Inspired by the technologies used in NASA’s deep space missions, engineers have pioneered a capacitive wireless charging method that could keep electric vehicles running hot.
Researchers from Cornell University in the United States have pioneered an approach — first brought to life by Nikola Tesla more than a century ago — to enable wireless charging of electric vehicles (EVs) and other robotic machines while they remain in motion.
Lead researcher Khurram Afridi, Associate Professor of Electrical and Computer Engineering in Cornell’s College of Engineering, told create that wireless power transfer uses the same underlying physics used to send messages through radio waves to spacecraft in deep space to communicate with systems like Voyager.
“We built on the concept proposed by Nikola Tesla for wireless power that would transfer energy via alternating magnetic fields or electric fields,” Afridi said.
“For a long time, the electric field version didn’t get any attention because it is so much harder to do, especially when the distances involved are large and the power levels high. But in the 2000s engineers started looking at electric field based wireless power transfer again, initially to power semiconductor chips layered on top of each other, where the distances are small and the power levels low.”
Decades in the making
The high-power capacitive wireless charging system Afridi’s team designed features two insulated metal plates on the ground, connected to a power line through a matching network and a high-frequency inverter, which creates oscillating electric fields that attract and repel charges in a pair of matching metal plates attached to the underside of a vehicle.
This in turn drives a high-frequency current through a circuit on the vehicle, which rectifies it.
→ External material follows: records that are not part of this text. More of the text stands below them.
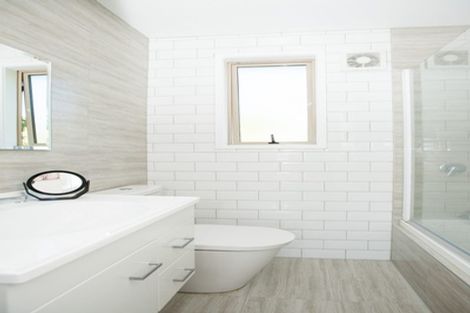 Photo of property in 1 Marama Terrace, Diamond Harbour, Lyttelton, 8971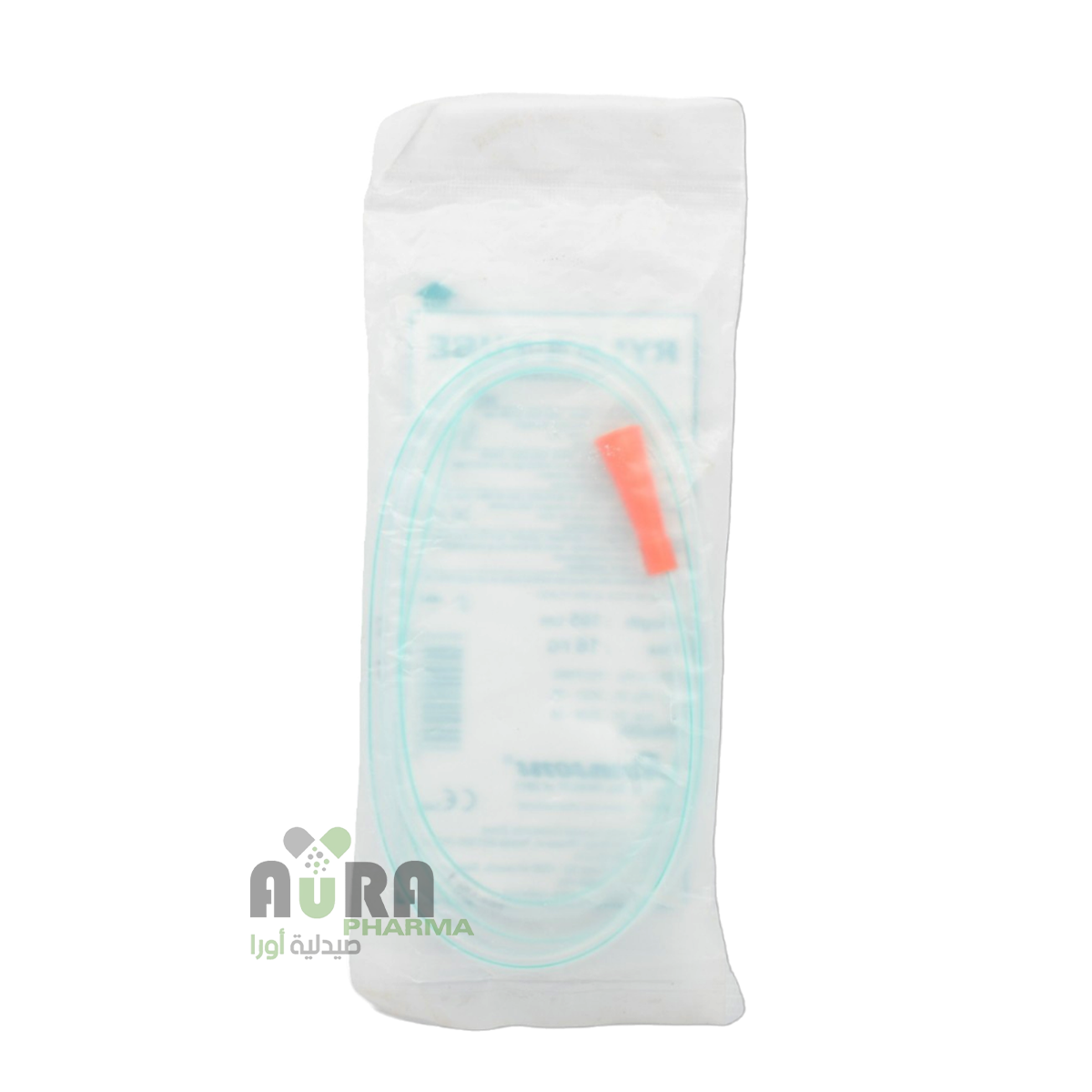 قسطرة انجيتي GDT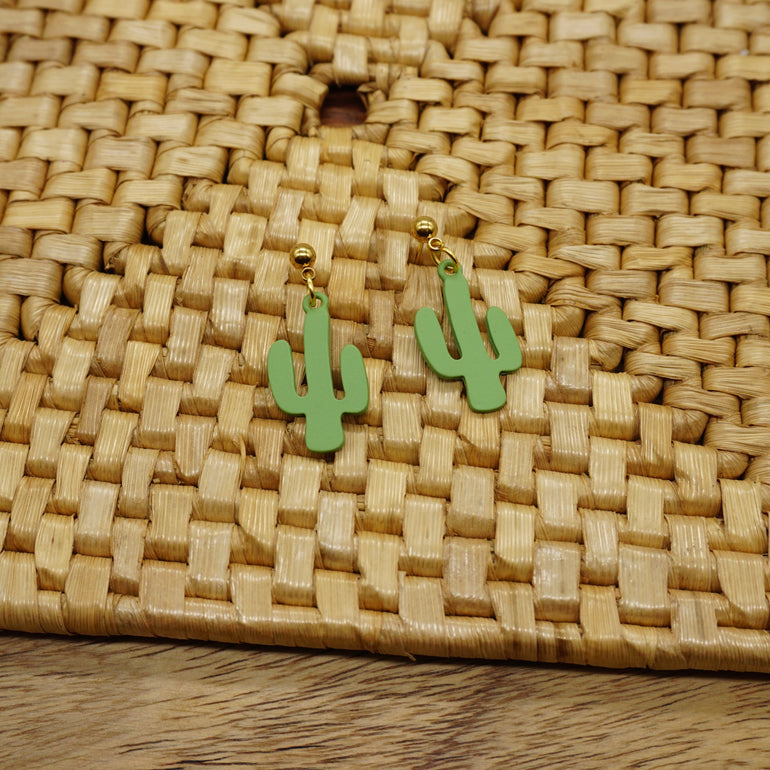 Flor De Desierto - Oreja Linda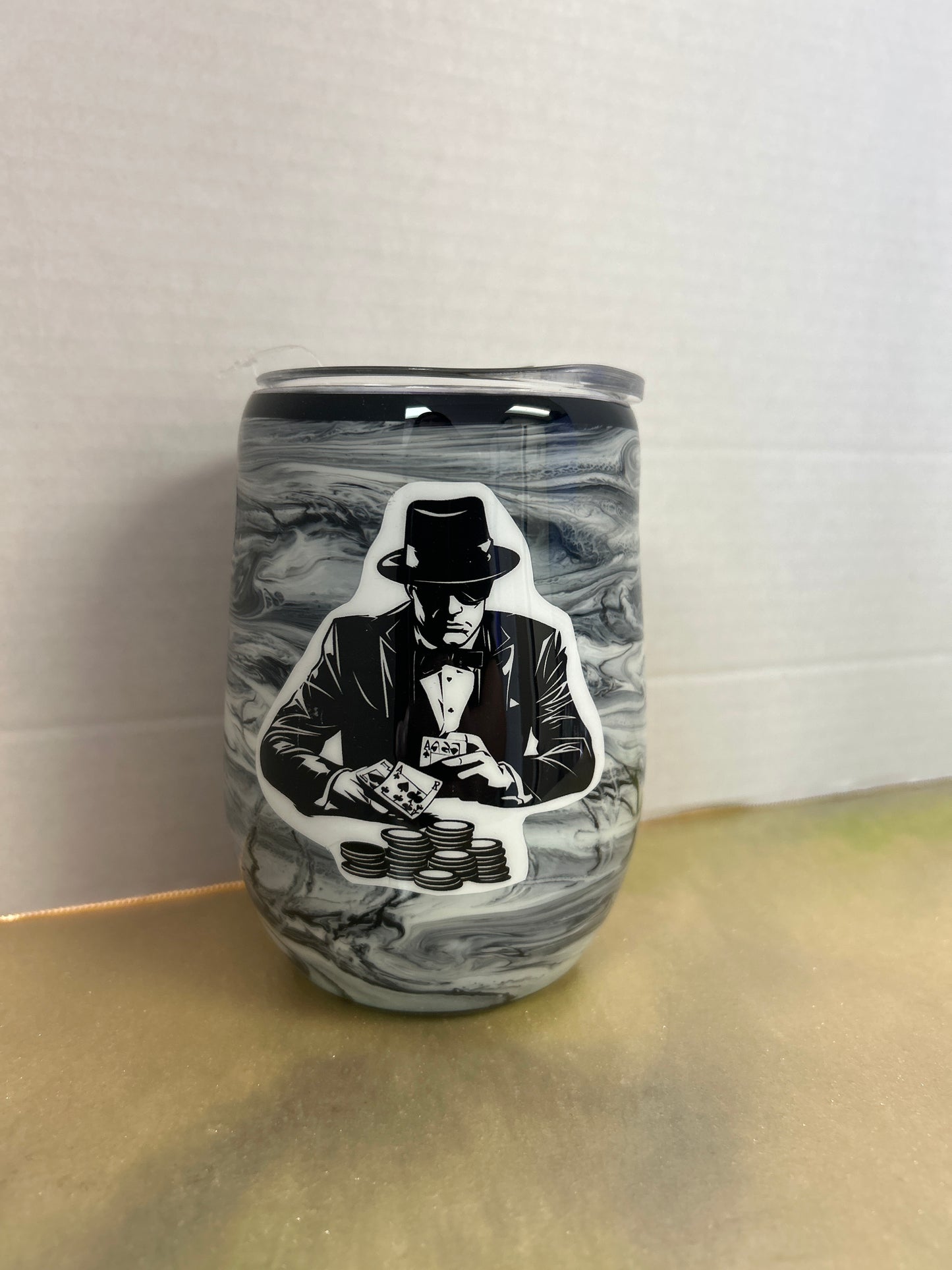 Tumblers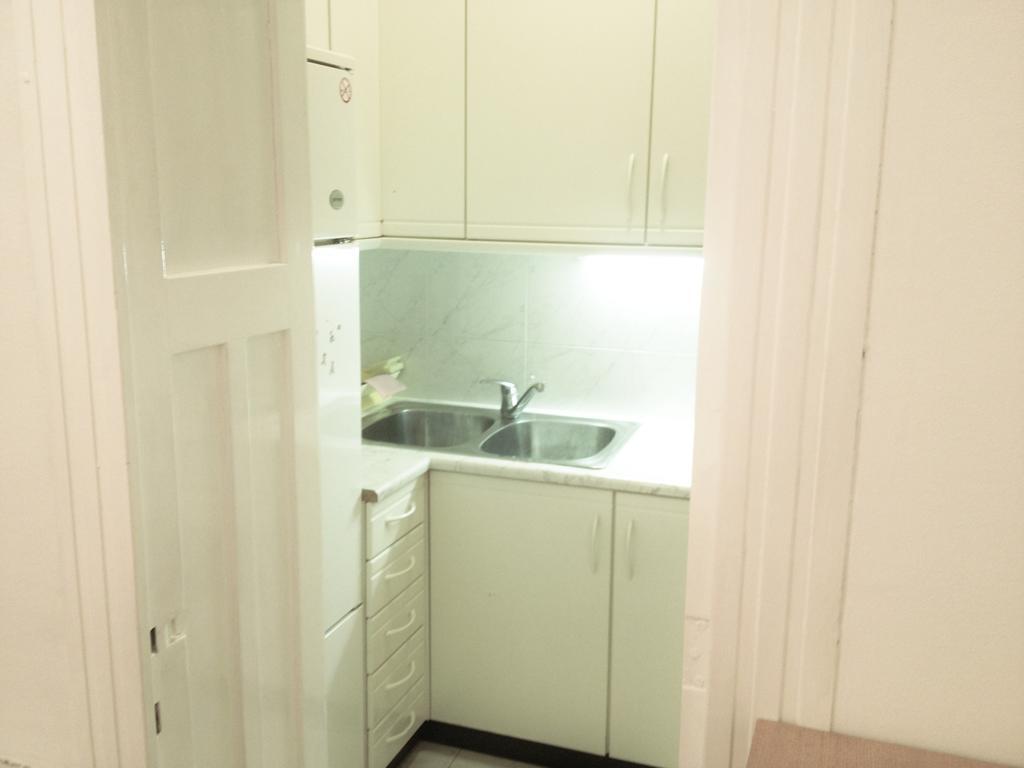 سبليت Apartment Sonata الغرفة الصورة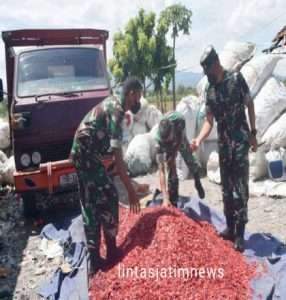 Program Unggulan Korem 081/DSJ, Sentuh Kesejahteraan Anggota dan Masyarakat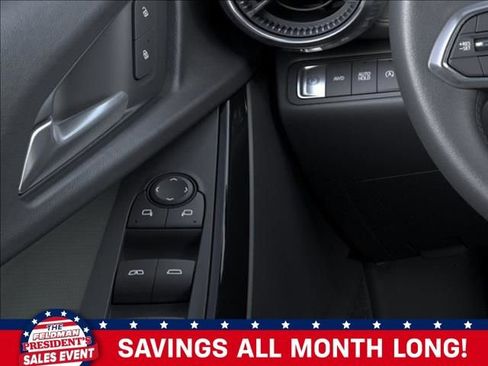 New 2026 Chevrolet Equinox LT w/ Convenience Package II image 22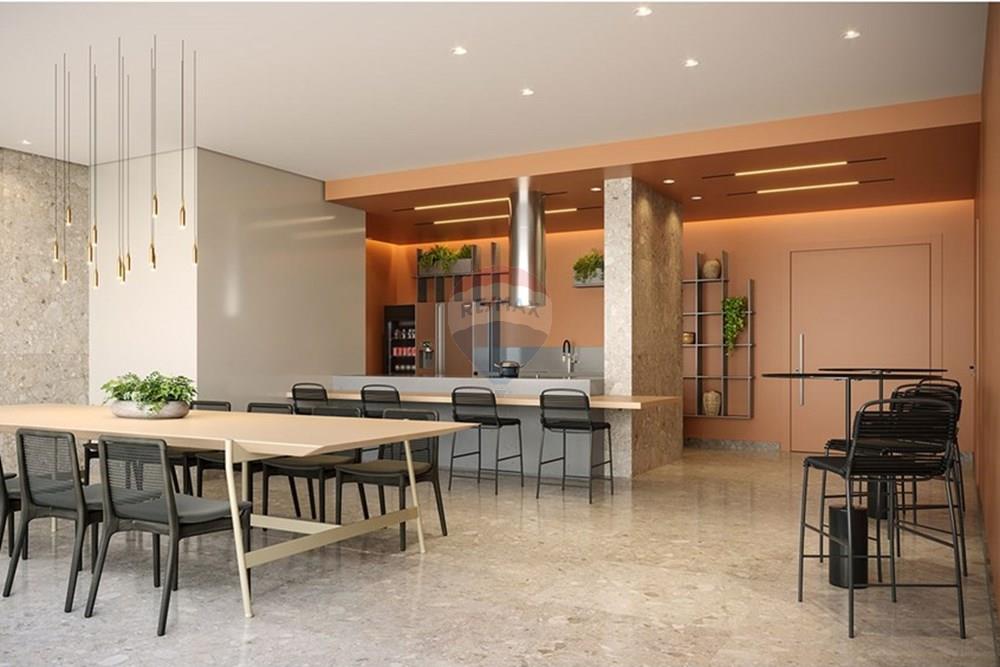 Apartamento - Venda - Ribeirão Preto , São Paulo - barce-gourmet.jpg - 780091026-175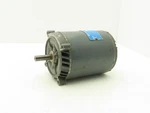 Boston Gear 5K35KN132 Ac Motor 1/3HP 1725RPM 3PH 230/460V 56 Frame. Fixed Price $118.74.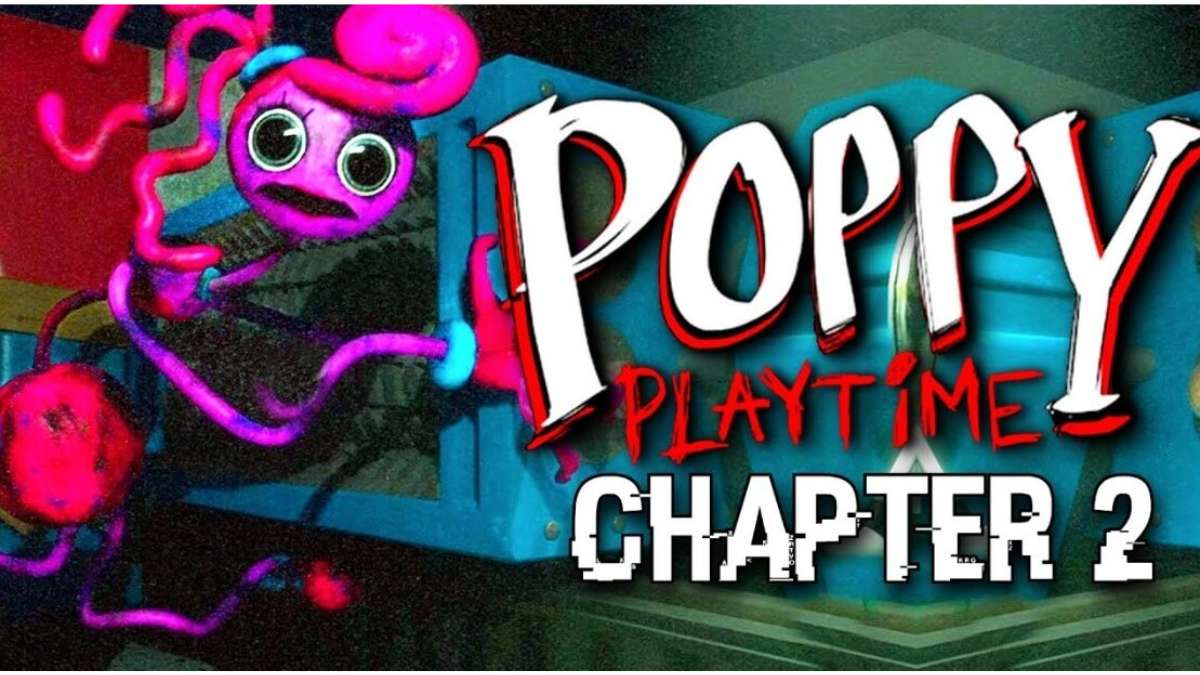 Why Choose Poppy Playtime Chapter 2 APK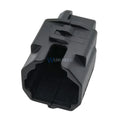 2 Pin 6189-1161 Connector Rear Cover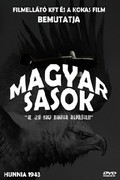 Another movie Magyar sasok of the director Ishtvan Laslo.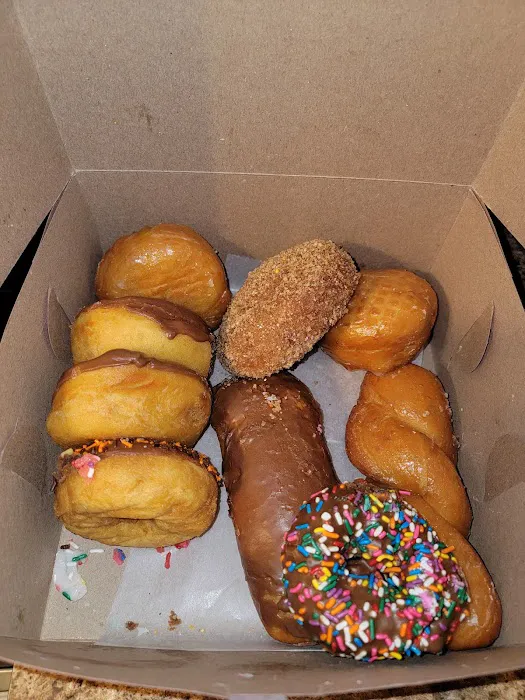 J P Donuts Picture 1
The rectified current then charges the battery.
“When I started my work in 2014, the popular belief was that wireless power transfer through electric fields was not viable when the distances were substantial and the amount of power was large. As such, electric field based wireless power transfer was not considered an option for EV charging,” Afridi said.
“Magnetic field based inductive wireless charging was considered the only hope for EV charging, and work on this approach had been ongoing since the 1970s.
“The common belief that electric fields would not work was based on the low permittivity of air compared to its permeability. Essentially, it is easier to generate a larger magnetic flux from a given current than it is to generate electric flux from an equivalent voltage,” Afridi said.
“However, in a wireless power transfer system, it’s not the strength of the flux that matters, it’s how fast the flux is changing that matters.
“The gap we needed to bridge in terms of the natural advantage afforded to magnetic fields due to the difference between the permeability and permittivity of air was a whopping 140,000, or over five orders of magnitude. So electric field based systems have to operate at much higher frequencies to bridge this gap,” he added.
As an undergraduate at the California Institute of Technology, Afridi had worked at the NASA Jet Propulsion Laboratory on the design of the 8- and 32-GHz transmitter of the SURFSAT 1 satellite. This inspired him to focus his subsequent research on very high frequency power electronics.
“Conventional power electronic systems, including inductive wireless charging systems, operate at kilo-hertz frequencies,” he said.
“But the key to realising Tesla’s vision of electric field based wireless charging, 120 years after his initial experiments, was by making high power electronic circuits switch efficiently at tens or hundreds of megahertz.”
Flicking the switch
Electric field based systems have many advantages compared to magnetic field based systems. They don’t require the field to loop, and therefore don’t require fragile, heavy and energy dissipating shielding materials like ferrites to prevent the field from looping through the passenger compartment of the vehicle.
“Electric fields start at positive charges and terminate on negative charges, confining them between the transmitting plates on the road and the receiving plates underneath the vehicle — so there’s no looping back through the vehicle even without any shielding materials,” Afridi said.
“This also allows you to go higher in frequency, and if there is metal around, the fields don’t create any heating.”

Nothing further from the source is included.